PROVIDED RECORDS:
# # # # # # #
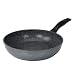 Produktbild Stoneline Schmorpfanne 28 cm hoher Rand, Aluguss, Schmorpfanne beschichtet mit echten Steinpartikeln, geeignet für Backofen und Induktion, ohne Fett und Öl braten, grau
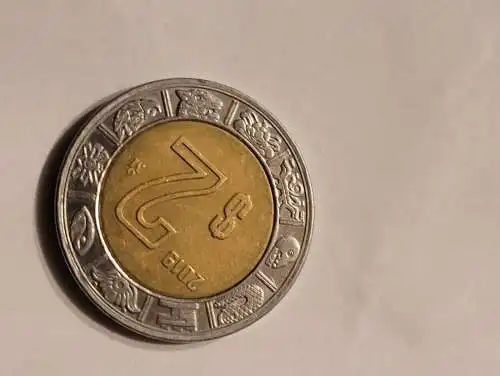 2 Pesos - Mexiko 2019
# # # # # # #
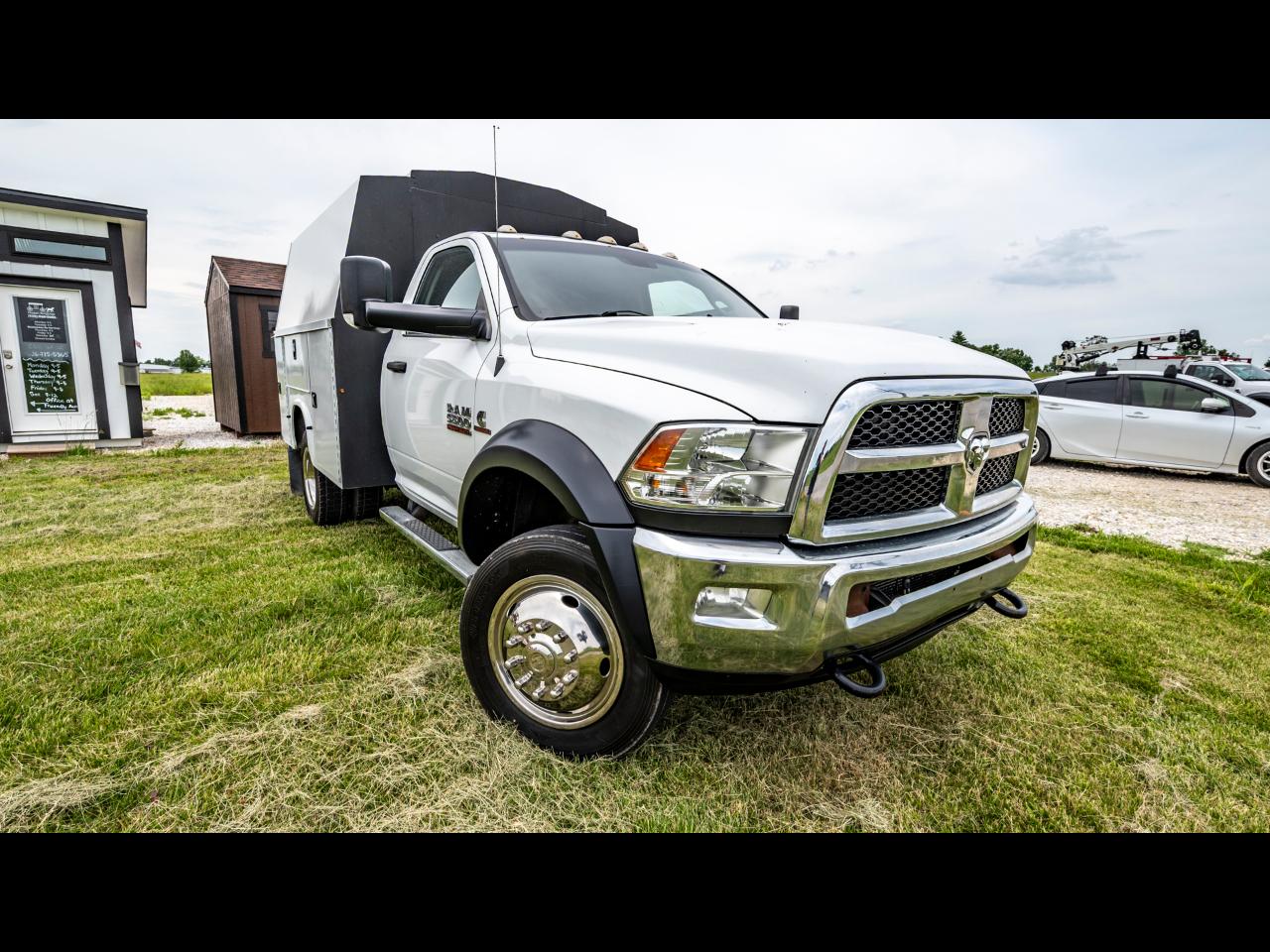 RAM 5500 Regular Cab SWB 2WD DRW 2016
# # # # # # #
EXERCISE OBJECTIVE:
Having found the line with "Produktbild Stoneline Schmorpfanne" and the line with "2 Pesos - Mexiko 2019" in the material above, write out exactly those two and every line between, leaving the pictures out.

ANSWER SECTION:
 Produktbild Stoneline Schmorpfanne 28 cm hoher Rand, Aluguss, Schmorpfanne beschichtet mit echten Steinpartikeln, geeignet für Backofen und Induktion, ohne Fett und Öl braten, grau
 2 Pesos - Mexiko 2019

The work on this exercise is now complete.